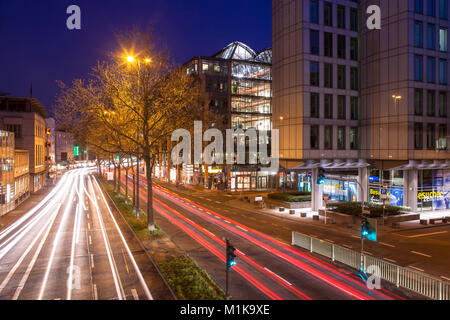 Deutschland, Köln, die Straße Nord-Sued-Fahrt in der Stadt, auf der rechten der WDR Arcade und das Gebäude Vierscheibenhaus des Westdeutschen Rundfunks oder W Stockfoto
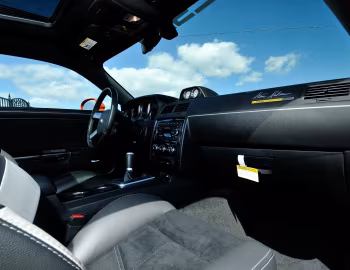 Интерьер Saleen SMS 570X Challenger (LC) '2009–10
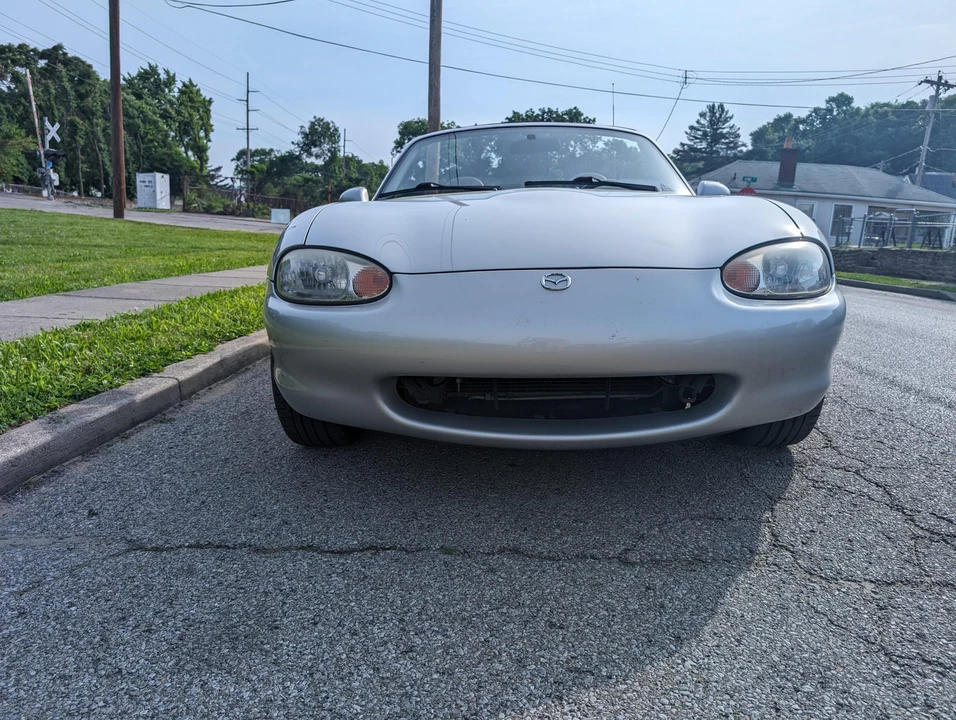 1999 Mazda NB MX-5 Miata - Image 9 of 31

----

DESCRIPTION OF THE TASK —
All the material shown above is to be copied exactly, with no pictures carried over.

RESPONSE AREA —
 Deutschland, Köln, die Straße Nord-Sued-Fahrt in der Stadt, auf der rechten der WDR Arcade und das Gebäude Vierscheibenhaus des Westdeutschen Rundfunks oder W Stockfoto
 Интерьер Saleen SMS 570X Challenger (LC) '2009–10
 1999 Mazda NB MX-5 Miata - Image 9 of 31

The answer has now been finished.